The potential energy of a particle of mass $m$ at a distance $r$ from a fixed point $O$ is given by $V\left(r\right)=k{r}^2/2$ , where $k$ is a positive constant of appropriate dimensions. This particle is moving in a circular orbit of radius $R$ about the point $O$. If $v$ is the speed of the particle and $L$ is the magnitude of its angular momentum about $O$, which of the following statements is (are) true?
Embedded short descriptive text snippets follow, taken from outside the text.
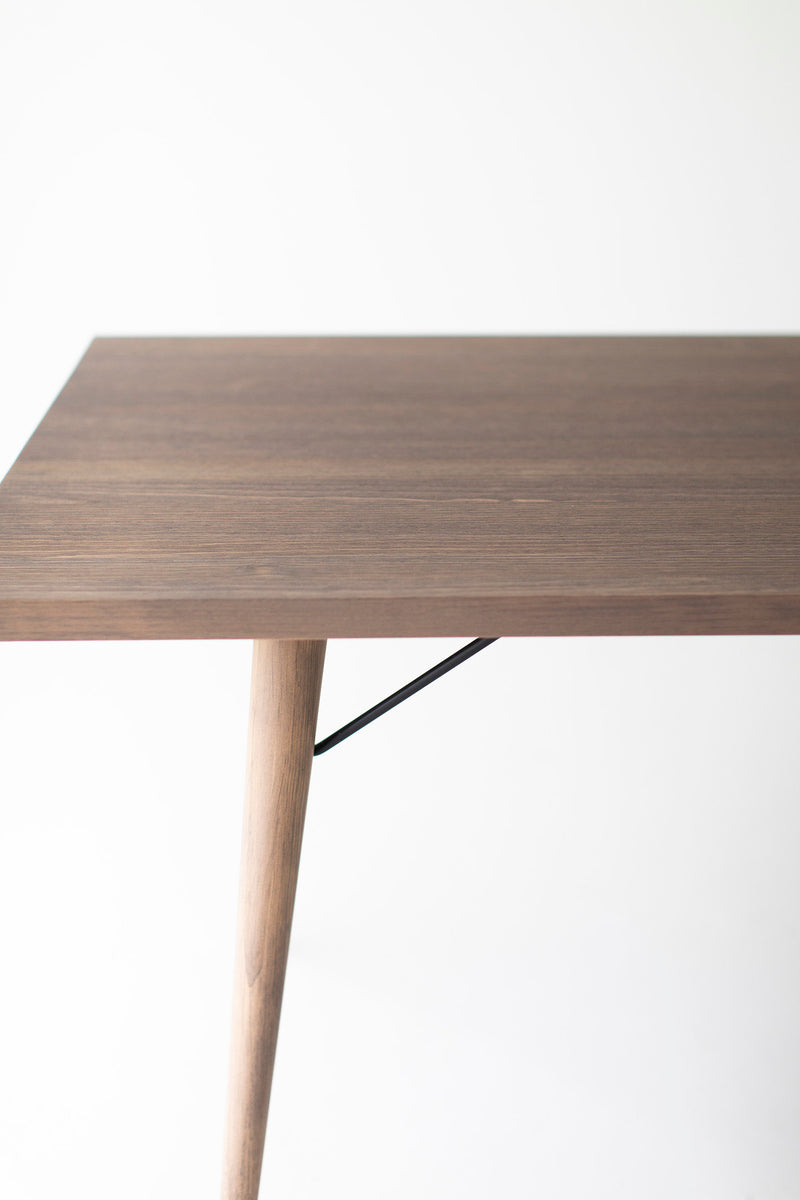 Detail of the tapered legs on the distressed dining table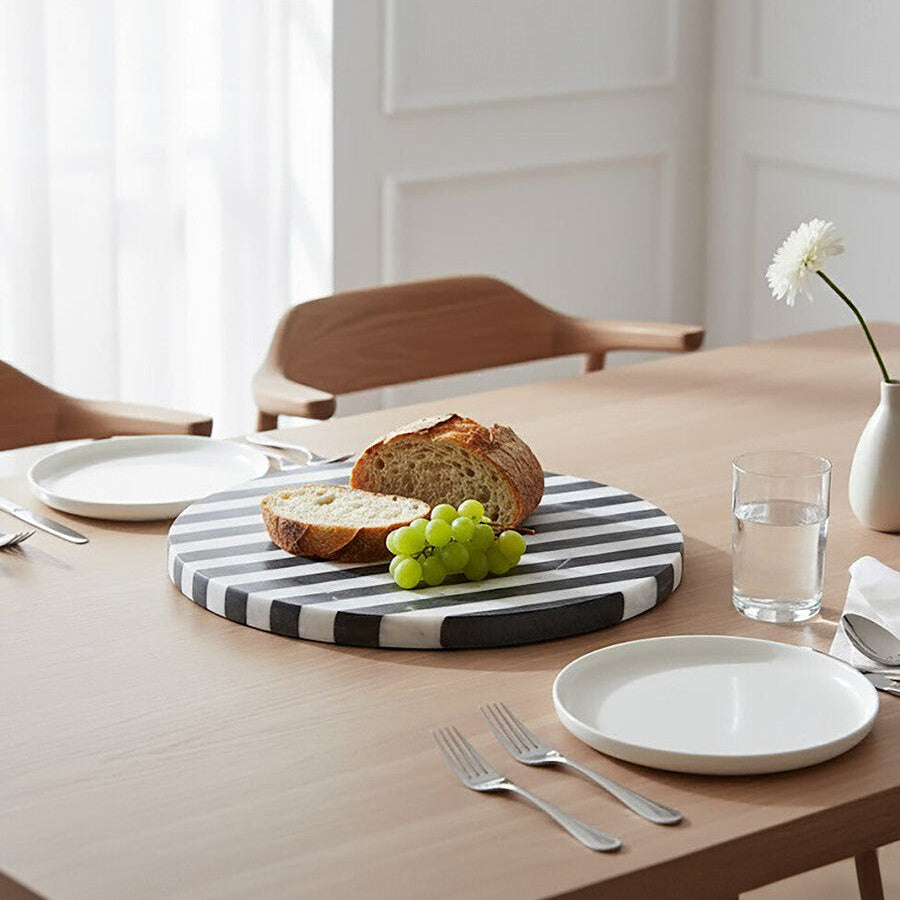 Dining table setting with bread, grapes, and a glass of water on a striped cutting board.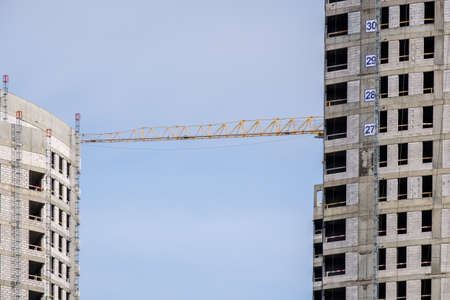 Moscow. Russia. September 06, 2020 View of the construction of a modern monolithic house against the background of the sky. Tower cranes in the construction of a high-rise apartment buildingのeditorial素材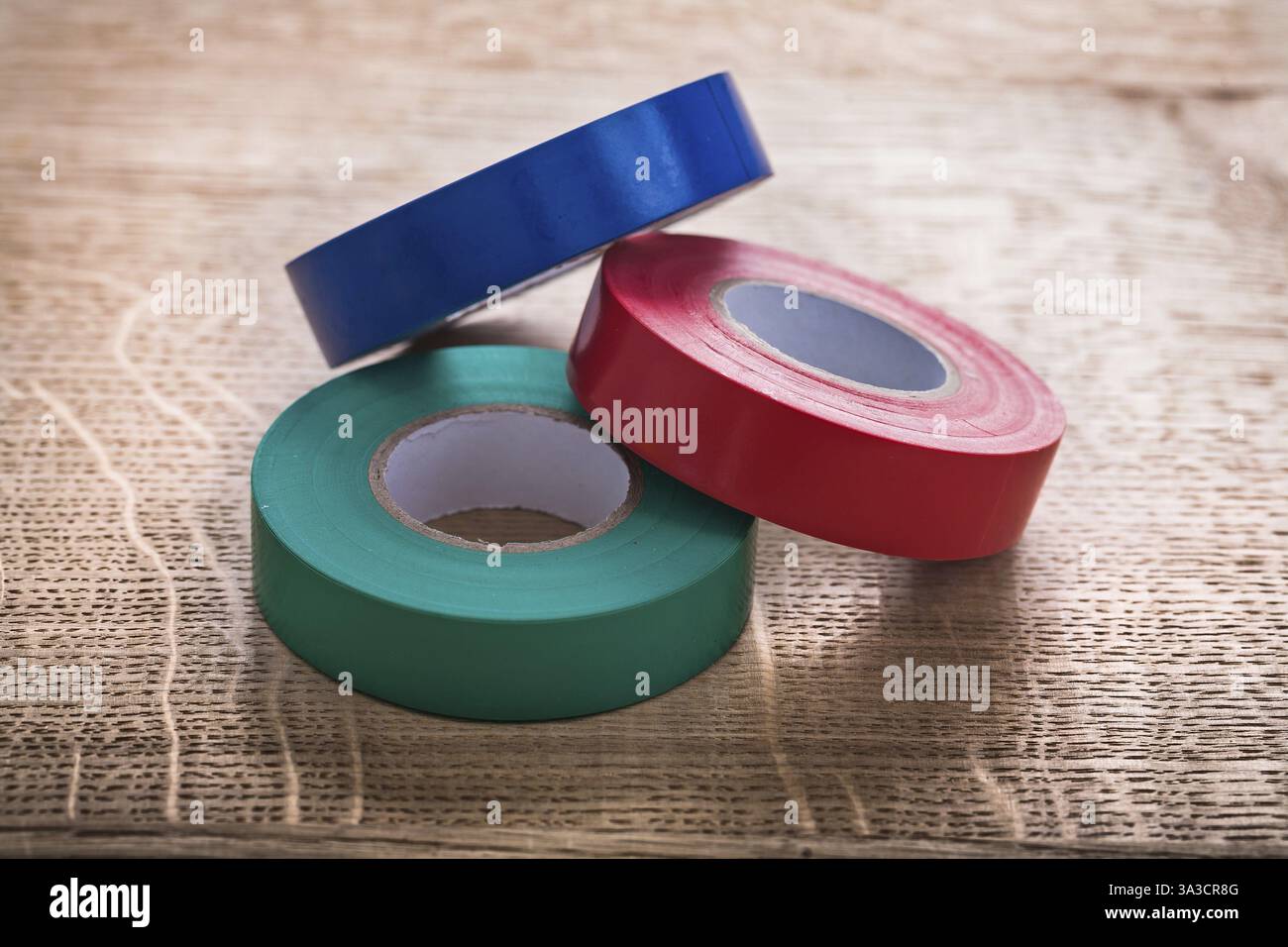 Tre rotoli di nastro isolante su pannelli di legno Foto Stock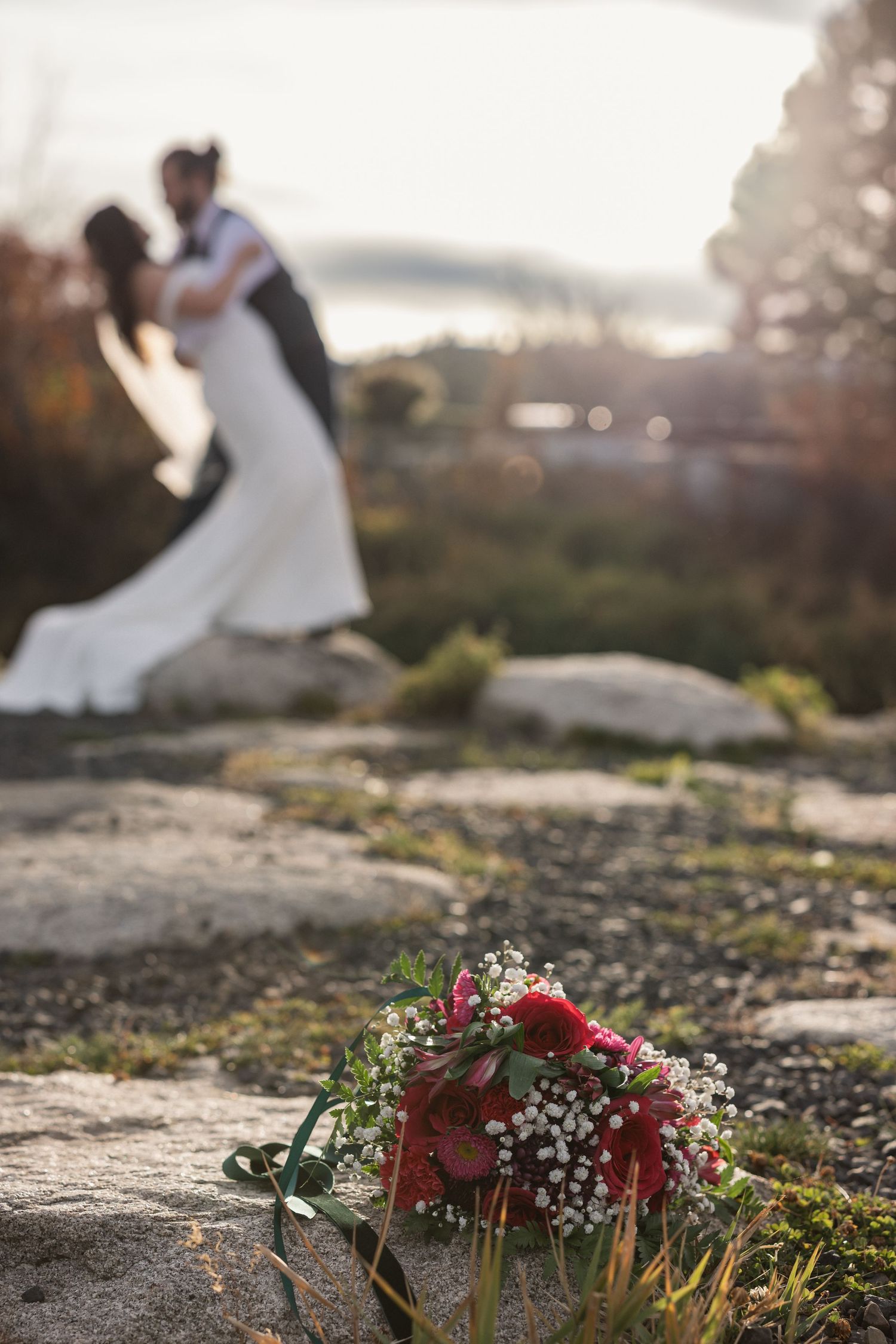 Red and white bridal bouquet in foreground with blurred couple in background.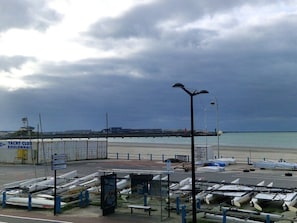 On the beach, sun loungers, beach towels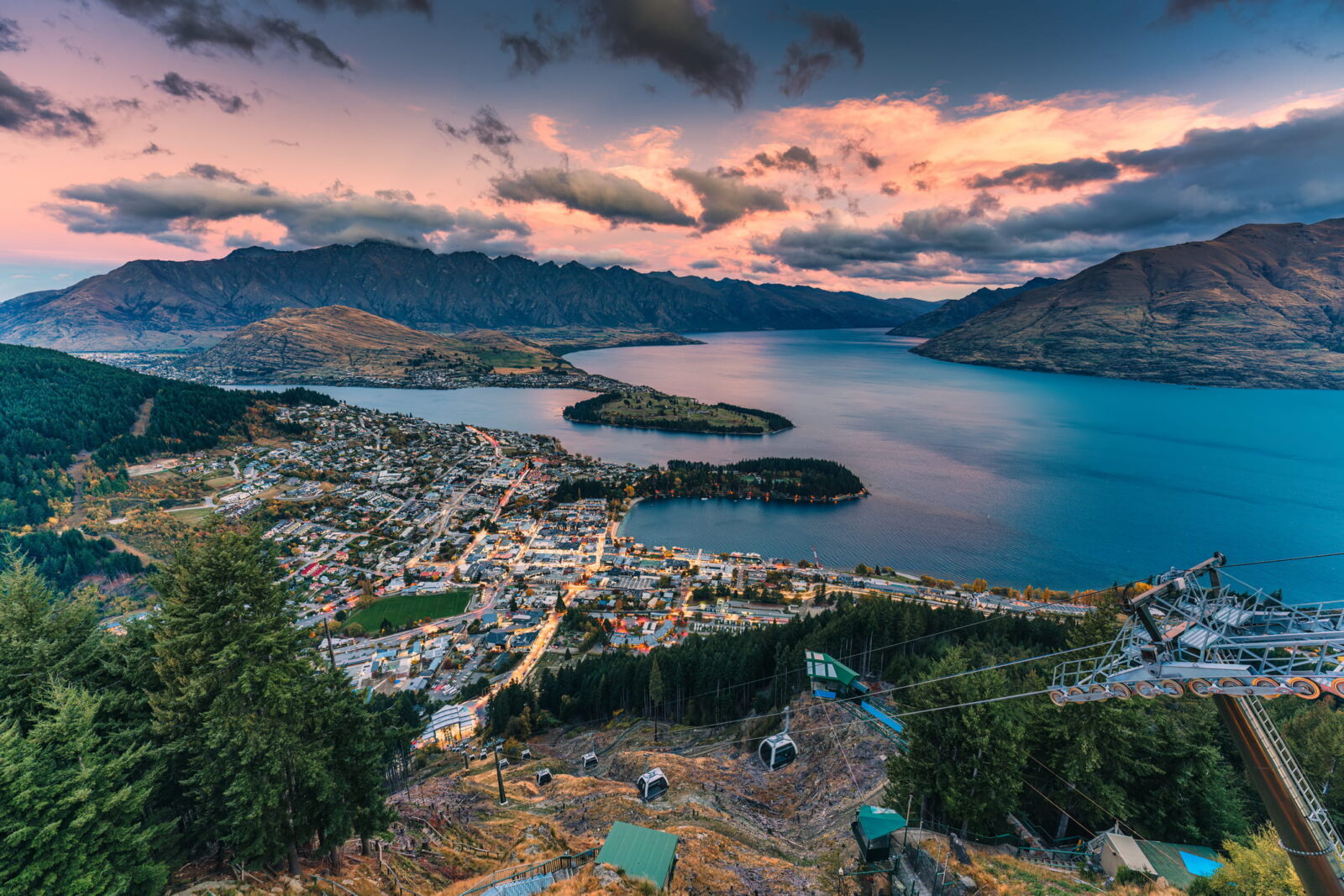 Aerial view of Beautiful sunset sky over illuminated Queenstown with Lake Wakatipu and Skyline Gondola at New Zealand.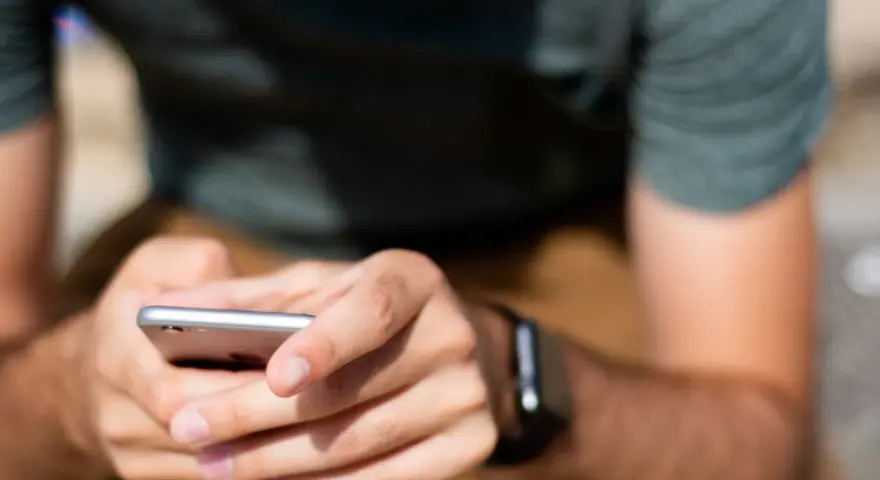 Mężczyzna trzyma smartfon, a na jego nadgarstku widać smartwatch. Właśnie sprawdza, jak sparować zegarek z telefonem.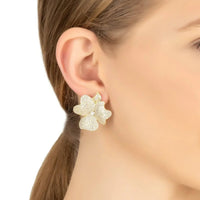 Gold flower stud earrings on model's ear with glittery texture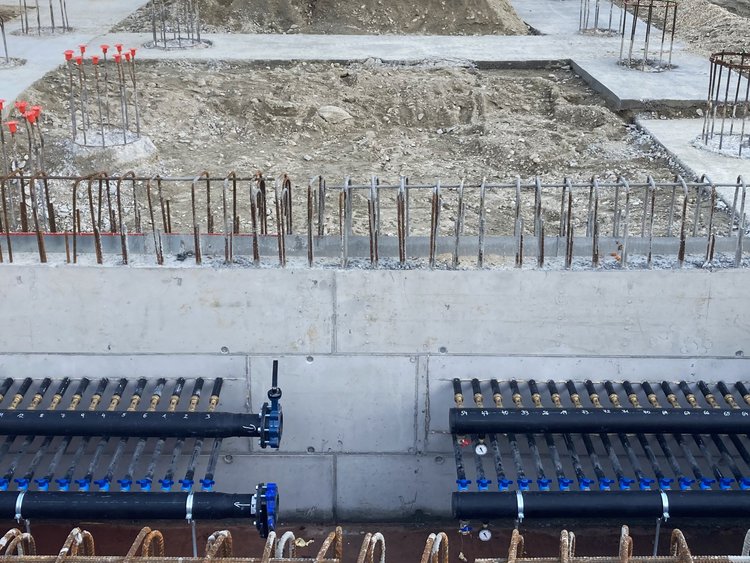 Bauplatz mit einem an einer noch nicht fertiggestellten Betonwand befestigten Verteilerbalken als Wandverteiler im Verteilerraum mit bereits überdeckten Anbindeleitungen sowie Pfahlköpfen. 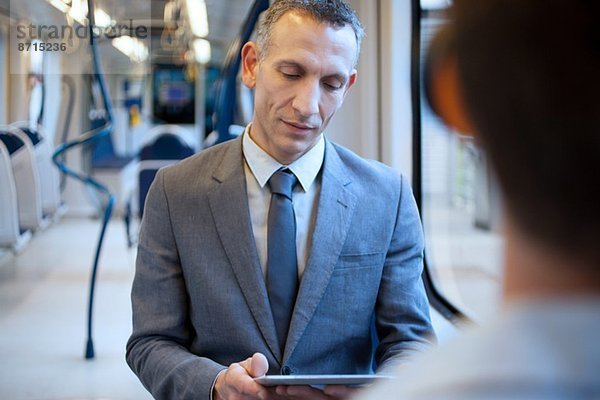Geschäftsmann mit digitalem Tablett im Zug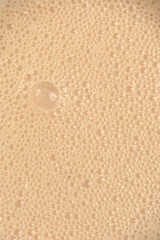 A top down macro view of a creamy beige beverage surface covered in a dense layer of tiny bubbles and organic foam patterns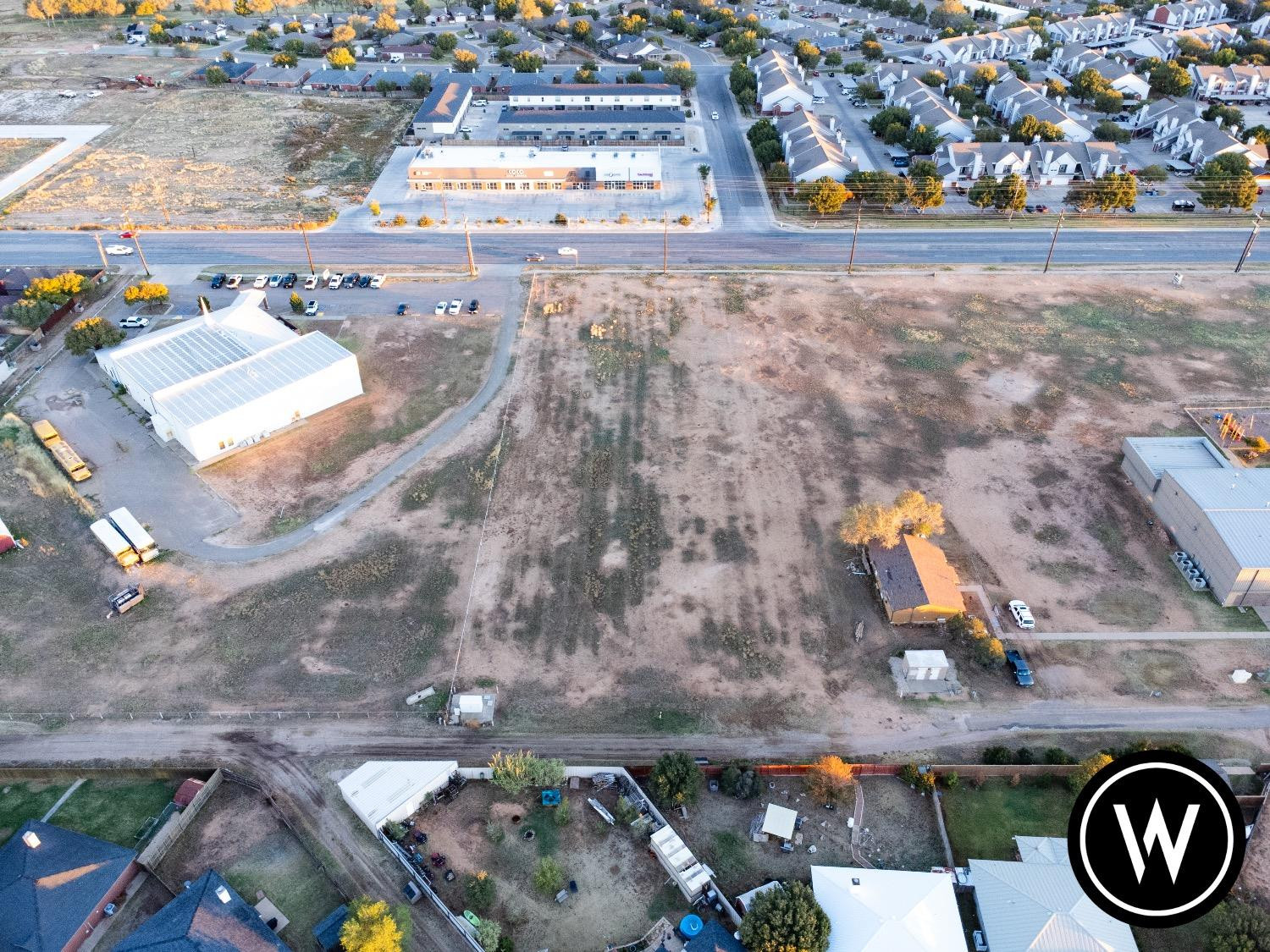 6000 4th Street Lubbock, TX 79416 - Photo 10 of 22 an aerial view of residential house with outdoor space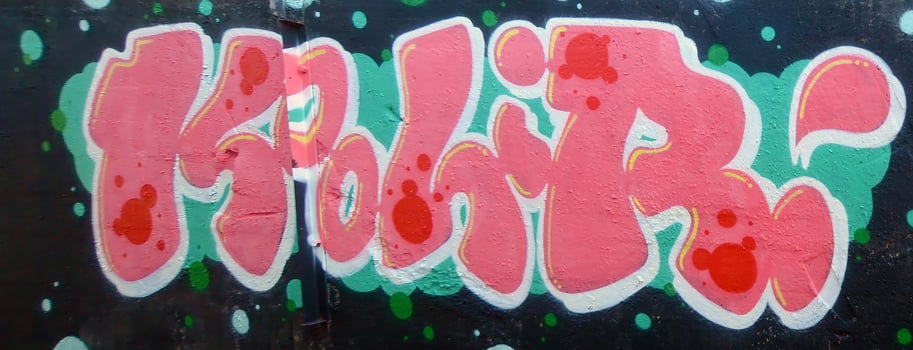 Colorful background of graffiti painting artwork with bright aerosol outlines on wall. Old school street art piece made with aerosol spray paint cans. Contemporary youth culture photo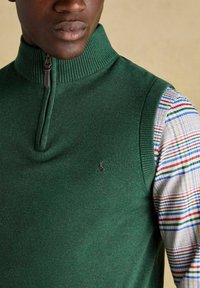 Vyras vilkintis žalią zip-up be rankovių megztinį ant marguoto langelio rašto ilgomis rankovėmis marškiniai, šviesiai smėlio spalvos fonas.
• A. $v=\sqrt{\frac{k}{2m}}R$
• B. $v=\sqrt{\frac{k}{m}}R$
• C. $L=\sqrt{mk}{R}^2$
• D. $L=\sqrt{\frac{mk}{2}}{R}^2$

Answer 1

Answer: (B), (C)

$L=\sqrt{mk}{R}^2$


Given,
Potential energy of the particle
$V=\frac{k{r}^2}{2}$
then total force acting on partical
$[F=-\frac{dV}{dr}]$

$\Rightarrow F=\frac{d\left(\frac{k{r}^2}{2}\right)}{dr}F=-kr$
this force is acting towards the centre.

At $r=R$ the acting force will equals to centripetal force.
$kR=\frac{m{v}^2}{R}$
where $v$ is the speed of the particle.
then the speed is given by
$\Rightarrow$ $v=\sqrt{\frac{k{R}^2}{m}}=\sqrt{\frac{k}{m}}R$
Hence option B is correct.

Where, in case of angular momentum $L$ it equals to $mvr.$
so,
$L=mvRL=m\left(R\sqrt{\frac{k}{m}}\right)R\Rightarrow m\sqrt{\frac{k}{m}}{R}^2=R^2\sqrt{mk}$
Hence, option C is also correct.